I have a quick question, has anyone converted a Mercedes Benz A170 or A160?

I was looking at a A170 (the longer version) yesterday and noticed that it has a raised floor, so I went and checked what it looks like underneath and saw that it is basically empty (i.e. plenty of room for a nice battery box), once one removes the exhaust and fuel tank. The total amount of height occupied by the tank and exhaust is about 200mm, and the size of the area under there is about 1.2m x 2m square.

My only questions/concerns regarding converting such a car are related to the on-board electronics, should I expect difficulties keeping the electronics working without the engine?


I would be very happy if anyone would point me to someone who has converted such a car. Google search has not brought up anything useful.

BR

Sandi


----------



## dougingraham (Jul 26, 2011)

Manual or Automatic? Manual is a lot simpler and you might even be able to mostly disconnect the ECU.

You can expect to have some issues with the electronics in any modern car. It kind of depends on exactly what you want to work. You might check out the EVTV videos where they converted the Cadillac Escalade and the things they had to spoof into the factory ECU to trick it into working. These will be the same kinds of issues with tricking any modern car into thinking it has a running engine.

In a nutshell, you probably have to spoof the crank position sensor and the mass air flow sensor signals if you want to have the automatic transmission shift reasonably.

Best wishes and remember that the stuff you take out is a LOT more complicated than the stuff you are putting back in.


----------



## Shirker (Mar 19, 2012)

Hi Sandi,

This AEVA Forum thread has a good discussion of some of the advantages and challenges of converting an A-class or B-class.

Greg Royal's A-class conversion in NZ didn't quite get there - if I remember the state of his website before it went offline...
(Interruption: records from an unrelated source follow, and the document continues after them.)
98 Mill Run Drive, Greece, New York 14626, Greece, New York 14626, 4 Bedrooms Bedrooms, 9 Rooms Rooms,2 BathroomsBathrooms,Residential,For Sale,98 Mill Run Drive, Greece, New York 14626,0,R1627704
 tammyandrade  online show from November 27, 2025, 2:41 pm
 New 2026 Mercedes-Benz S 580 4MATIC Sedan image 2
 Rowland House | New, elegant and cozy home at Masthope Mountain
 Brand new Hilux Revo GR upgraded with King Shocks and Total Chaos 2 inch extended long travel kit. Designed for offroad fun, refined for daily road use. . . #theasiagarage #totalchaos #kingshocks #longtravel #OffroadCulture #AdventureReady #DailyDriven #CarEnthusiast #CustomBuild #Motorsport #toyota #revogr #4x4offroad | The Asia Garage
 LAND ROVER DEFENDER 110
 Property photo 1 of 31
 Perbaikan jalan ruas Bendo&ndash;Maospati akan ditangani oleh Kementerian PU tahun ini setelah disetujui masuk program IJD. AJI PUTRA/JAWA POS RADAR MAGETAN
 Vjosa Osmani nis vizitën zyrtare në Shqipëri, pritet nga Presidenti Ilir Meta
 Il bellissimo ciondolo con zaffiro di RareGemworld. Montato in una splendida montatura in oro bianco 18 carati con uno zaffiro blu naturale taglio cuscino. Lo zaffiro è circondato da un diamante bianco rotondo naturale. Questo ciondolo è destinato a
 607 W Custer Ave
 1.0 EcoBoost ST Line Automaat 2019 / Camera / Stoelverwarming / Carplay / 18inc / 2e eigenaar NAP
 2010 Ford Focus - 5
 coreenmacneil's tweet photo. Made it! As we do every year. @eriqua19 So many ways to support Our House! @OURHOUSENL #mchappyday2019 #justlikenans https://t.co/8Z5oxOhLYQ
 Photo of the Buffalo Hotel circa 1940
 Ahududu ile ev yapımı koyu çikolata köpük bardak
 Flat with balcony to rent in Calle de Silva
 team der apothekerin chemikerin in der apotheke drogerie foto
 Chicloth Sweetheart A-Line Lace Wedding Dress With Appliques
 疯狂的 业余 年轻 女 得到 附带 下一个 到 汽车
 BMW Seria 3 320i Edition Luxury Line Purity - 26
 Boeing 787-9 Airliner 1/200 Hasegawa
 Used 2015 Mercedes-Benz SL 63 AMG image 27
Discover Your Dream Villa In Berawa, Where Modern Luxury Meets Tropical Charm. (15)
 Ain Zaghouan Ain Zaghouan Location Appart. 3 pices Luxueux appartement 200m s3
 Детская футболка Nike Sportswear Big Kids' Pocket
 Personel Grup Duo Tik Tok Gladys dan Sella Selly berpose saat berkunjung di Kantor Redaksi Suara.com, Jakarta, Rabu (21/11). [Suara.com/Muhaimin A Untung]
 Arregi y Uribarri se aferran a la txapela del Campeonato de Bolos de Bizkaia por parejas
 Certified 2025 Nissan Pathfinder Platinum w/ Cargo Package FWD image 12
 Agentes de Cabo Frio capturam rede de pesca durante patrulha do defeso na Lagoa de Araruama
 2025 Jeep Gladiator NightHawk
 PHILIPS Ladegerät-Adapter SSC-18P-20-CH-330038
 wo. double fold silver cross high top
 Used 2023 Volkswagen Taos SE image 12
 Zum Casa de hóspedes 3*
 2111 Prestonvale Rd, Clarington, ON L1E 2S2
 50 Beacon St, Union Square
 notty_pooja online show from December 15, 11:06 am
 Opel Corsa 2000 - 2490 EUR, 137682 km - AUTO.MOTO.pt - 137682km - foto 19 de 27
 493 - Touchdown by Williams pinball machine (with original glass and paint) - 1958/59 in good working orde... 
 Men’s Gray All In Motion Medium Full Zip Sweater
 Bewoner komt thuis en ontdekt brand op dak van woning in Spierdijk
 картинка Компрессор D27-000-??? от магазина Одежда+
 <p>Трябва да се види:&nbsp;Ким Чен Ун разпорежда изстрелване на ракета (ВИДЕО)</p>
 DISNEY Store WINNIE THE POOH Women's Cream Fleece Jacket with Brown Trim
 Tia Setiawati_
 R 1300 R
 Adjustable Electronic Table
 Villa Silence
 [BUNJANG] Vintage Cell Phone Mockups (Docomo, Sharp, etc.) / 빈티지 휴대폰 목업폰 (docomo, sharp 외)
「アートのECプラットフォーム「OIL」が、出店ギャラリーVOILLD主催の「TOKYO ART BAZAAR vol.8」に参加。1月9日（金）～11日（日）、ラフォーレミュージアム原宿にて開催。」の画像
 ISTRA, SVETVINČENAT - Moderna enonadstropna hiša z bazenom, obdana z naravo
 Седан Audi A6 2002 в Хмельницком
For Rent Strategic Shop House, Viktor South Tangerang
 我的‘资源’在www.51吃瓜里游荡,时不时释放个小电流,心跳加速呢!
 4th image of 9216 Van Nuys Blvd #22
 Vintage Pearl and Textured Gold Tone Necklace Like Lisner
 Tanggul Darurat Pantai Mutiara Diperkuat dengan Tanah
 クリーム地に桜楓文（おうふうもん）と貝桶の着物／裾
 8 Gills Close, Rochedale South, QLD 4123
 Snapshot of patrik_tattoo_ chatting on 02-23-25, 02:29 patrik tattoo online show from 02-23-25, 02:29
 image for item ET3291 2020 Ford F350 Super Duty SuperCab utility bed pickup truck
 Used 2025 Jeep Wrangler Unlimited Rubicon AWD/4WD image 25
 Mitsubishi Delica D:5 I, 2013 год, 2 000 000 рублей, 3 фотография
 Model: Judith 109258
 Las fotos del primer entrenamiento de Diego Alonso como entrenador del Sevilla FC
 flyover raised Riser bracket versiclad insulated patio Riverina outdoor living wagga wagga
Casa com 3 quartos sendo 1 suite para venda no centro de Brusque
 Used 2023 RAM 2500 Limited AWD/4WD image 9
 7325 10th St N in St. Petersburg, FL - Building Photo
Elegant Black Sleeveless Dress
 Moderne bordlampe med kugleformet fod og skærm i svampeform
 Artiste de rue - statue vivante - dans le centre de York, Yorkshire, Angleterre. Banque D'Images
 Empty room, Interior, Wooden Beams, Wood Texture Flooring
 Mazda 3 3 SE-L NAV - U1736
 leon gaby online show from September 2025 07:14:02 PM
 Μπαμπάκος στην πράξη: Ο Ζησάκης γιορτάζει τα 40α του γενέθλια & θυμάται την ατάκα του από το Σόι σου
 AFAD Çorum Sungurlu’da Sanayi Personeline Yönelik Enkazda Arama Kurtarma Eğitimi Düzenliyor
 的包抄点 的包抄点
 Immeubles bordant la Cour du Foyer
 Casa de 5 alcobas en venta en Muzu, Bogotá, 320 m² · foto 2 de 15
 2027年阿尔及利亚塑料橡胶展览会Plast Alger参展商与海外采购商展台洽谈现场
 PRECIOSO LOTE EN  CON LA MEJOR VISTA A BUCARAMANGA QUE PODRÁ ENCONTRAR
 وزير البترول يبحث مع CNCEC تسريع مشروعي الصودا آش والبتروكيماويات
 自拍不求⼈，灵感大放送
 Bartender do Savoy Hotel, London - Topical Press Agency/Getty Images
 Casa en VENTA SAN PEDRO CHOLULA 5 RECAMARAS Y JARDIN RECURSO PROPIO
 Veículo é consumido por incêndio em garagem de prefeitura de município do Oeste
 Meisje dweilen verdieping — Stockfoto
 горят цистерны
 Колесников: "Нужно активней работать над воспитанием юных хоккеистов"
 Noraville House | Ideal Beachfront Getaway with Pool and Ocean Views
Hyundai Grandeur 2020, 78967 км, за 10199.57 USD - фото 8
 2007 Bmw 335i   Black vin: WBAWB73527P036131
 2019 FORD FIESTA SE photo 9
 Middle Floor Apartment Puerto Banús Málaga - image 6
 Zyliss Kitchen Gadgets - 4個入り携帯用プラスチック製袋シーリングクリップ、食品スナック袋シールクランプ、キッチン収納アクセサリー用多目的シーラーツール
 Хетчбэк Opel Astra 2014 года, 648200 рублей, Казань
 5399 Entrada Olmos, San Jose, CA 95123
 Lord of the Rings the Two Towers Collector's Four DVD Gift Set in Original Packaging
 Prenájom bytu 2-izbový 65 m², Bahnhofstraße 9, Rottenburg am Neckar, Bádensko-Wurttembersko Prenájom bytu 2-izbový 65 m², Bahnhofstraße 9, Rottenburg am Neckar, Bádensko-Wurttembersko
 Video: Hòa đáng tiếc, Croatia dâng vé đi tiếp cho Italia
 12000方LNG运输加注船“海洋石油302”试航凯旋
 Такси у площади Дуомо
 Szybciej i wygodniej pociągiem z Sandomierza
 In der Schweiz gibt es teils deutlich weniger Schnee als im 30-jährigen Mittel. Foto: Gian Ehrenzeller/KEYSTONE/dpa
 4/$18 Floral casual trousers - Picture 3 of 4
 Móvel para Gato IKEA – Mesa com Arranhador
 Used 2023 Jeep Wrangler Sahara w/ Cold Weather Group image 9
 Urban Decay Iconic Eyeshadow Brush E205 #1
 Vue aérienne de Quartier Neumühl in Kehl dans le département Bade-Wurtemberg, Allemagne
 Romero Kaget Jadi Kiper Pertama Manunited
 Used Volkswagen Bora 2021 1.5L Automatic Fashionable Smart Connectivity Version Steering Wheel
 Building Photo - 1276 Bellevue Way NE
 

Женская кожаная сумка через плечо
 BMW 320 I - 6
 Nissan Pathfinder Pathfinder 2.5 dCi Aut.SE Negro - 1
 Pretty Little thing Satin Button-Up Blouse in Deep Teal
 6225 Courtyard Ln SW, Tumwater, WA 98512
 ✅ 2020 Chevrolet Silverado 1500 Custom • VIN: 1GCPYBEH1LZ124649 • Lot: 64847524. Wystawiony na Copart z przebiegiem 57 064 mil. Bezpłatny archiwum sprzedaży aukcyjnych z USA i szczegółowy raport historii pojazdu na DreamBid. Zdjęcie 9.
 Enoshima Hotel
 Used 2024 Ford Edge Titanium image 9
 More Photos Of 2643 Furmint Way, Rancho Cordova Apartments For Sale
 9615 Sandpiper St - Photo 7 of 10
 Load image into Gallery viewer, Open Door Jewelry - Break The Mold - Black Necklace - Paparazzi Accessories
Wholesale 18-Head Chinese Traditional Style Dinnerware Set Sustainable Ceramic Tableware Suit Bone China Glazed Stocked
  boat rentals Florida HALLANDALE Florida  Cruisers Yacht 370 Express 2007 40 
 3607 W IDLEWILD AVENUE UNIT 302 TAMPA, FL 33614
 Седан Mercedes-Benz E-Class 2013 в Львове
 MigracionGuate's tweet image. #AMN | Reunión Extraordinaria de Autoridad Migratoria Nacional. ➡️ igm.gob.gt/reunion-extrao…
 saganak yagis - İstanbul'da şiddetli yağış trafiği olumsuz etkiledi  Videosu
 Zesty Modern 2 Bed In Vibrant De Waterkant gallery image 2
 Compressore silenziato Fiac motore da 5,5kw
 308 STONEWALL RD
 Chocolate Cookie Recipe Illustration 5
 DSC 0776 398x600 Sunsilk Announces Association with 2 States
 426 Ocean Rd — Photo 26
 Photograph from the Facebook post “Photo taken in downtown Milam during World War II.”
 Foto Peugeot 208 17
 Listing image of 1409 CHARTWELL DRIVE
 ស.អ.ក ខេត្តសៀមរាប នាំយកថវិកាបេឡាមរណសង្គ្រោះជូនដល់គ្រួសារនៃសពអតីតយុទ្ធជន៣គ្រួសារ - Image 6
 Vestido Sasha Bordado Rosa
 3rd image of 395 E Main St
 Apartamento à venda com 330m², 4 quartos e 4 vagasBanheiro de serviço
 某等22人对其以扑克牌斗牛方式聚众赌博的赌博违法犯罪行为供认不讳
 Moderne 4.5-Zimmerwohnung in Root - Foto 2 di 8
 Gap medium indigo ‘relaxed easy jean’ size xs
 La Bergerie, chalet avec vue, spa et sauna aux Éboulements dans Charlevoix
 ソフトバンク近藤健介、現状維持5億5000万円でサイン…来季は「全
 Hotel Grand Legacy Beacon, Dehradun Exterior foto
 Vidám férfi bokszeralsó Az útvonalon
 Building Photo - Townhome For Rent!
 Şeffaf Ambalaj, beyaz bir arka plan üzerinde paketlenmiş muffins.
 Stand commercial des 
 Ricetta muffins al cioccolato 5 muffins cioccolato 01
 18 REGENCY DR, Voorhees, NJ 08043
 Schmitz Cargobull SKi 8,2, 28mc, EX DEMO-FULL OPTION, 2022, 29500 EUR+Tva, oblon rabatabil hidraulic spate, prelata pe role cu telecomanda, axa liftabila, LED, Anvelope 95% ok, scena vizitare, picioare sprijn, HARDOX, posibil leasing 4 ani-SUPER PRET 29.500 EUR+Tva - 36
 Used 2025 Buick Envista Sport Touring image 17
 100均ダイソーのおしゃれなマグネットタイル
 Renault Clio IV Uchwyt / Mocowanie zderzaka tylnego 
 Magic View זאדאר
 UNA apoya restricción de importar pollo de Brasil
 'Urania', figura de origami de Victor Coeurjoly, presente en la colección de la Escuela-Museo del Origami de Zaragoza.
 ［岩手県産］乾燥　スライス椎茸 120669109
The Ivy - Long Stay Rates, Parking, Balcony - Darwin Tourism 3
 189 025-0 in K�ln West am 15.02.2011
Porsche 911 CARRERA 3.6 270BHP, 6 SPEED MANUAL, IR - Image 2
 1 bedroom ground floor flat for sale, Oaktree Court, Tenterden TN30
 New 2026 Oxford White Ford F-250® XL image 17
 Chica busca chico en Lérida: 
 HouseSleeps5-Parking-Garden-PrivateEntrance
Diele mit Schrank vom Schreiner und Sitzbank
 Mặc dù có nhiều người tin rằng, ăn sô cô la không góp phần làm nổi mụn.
Lester Clifford's B-class looks fantastic, but I have not had success in contacting him to get more details. In Australia it's illegal to disable pre-existing electronic stability control as part of an EV conversion, so I'm keen to know how he managed this. Here is a YouTube video of him with his car.

I'm interested!

Cheers,
Matt.


----------



## pm_dawn (Sep 14, 2009)

Hi !

In Sweden a couple of guys joined forces and converted atleast 4 A-Class Mercedes.
They had space for 96 90ah winston or thunderskys.

Here is one thread on the Swedish EV forum. Google will translate for you. 
http://elbil.forum24.se/elbil-about2390.html

They fitted it with industrial threephase AC motors and also were able to put a 7kw diesel range extender in there in addition to the 27,6kwh battery pack......

Industrial VFD to drive the AC motor and also used as charger as I understood.

Regards
/Per


----------